### WHAT THE TASK ASKS
Exact reproduction required: the lines below from the line with "Pendientes corazón largos Ratita presumida" to the line with "l Beden ten", both ends included, and no others.
──────── DATA FOR PROCESSING
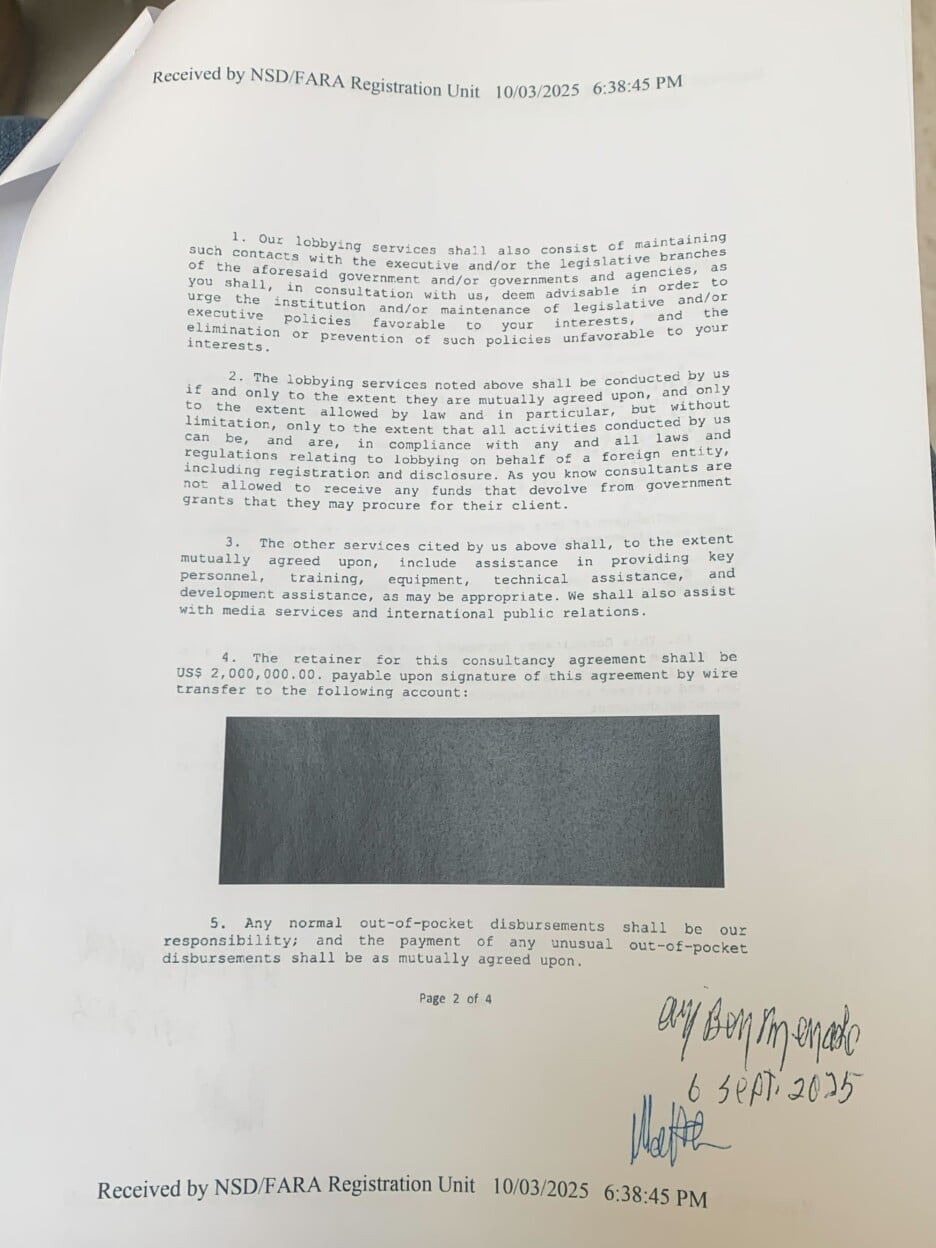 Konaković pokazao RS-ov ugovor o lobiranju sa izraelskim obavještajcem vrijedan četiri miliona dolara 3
────────────────
──────── DATA FOR PROCESSING
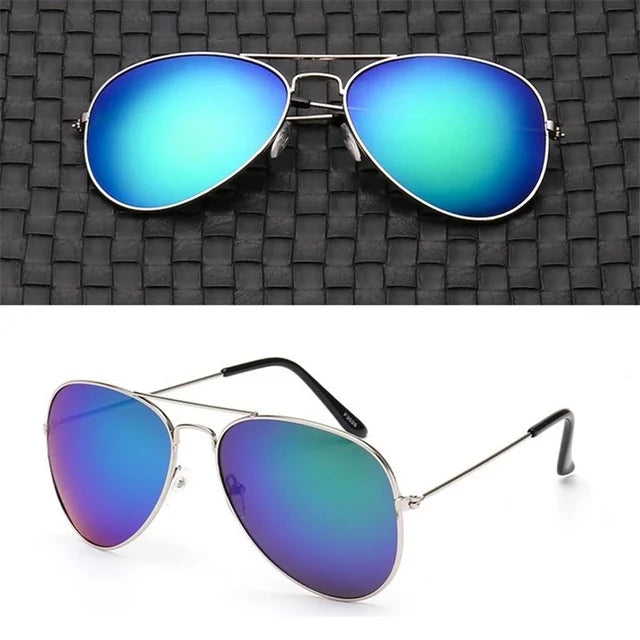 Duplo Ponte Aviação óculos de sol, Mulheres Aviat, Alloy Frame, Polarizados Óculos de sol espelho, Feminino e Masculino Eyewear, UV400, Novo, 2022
────────────────
──────── DATA FOR PROCESSING
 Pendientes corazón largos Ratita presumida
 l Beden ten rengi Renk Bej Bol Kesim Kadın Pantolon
────────────────
### EXERCISE RESULT
 Pendientes corazón largos Ratita presumida
 l Beden ten rengi Renk Bej Bol Kesim Kadın Pantolon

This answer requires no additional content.